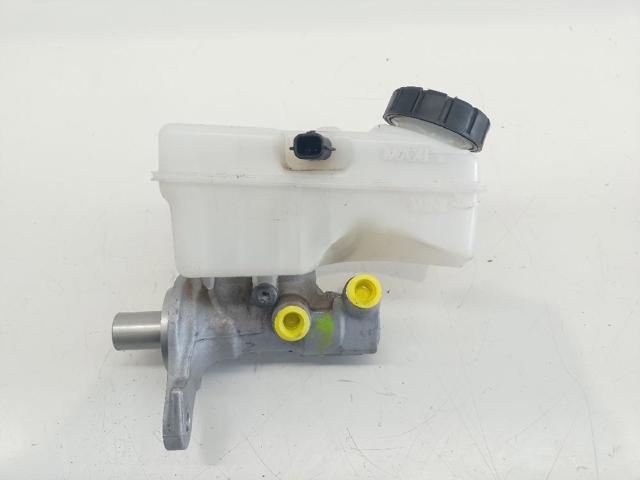 Zbiorniczek głównego cylindra hamulcowego (płynu hamulcowego) 460915125R RENAULT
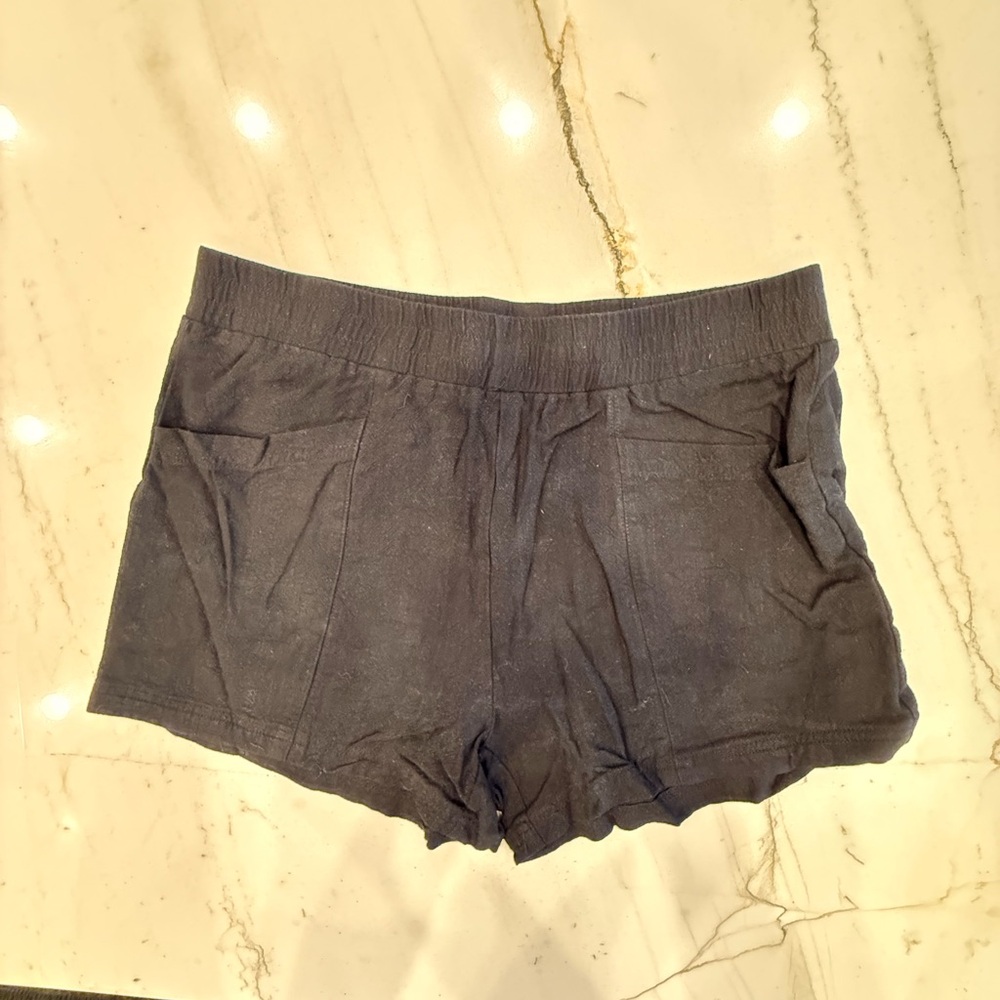 Evereve Black Pocket Shorts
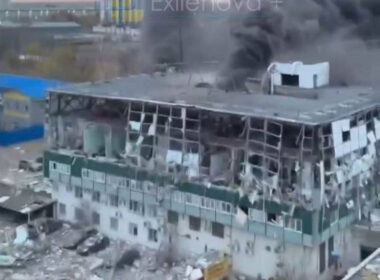 The Proton electronics plant in Oryol, Russia, after a Ukrainian missile strike on 23 October. The facility reportedly produces electronic components used in Russian weapons systems, including Iskander-M ballistic missiles. Photo: Exilenova+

****************

Work instruction - The material above holds pictures; copy everything else in it exactly.

Finished task -
 Zbiorniczek głównego cylindra hamulcowego (płynu hamulcowego) 460915125R RENAULT
 Evereve Black Pocket Shorts
 The Proton electronics plant in Oryol, Russia, after a Ukrainian missile strike on 23 October. The facility reportedly produces electronic components used in Russian weapons systems, including Iskander-M ballistic missiles. Photo: Exilenova+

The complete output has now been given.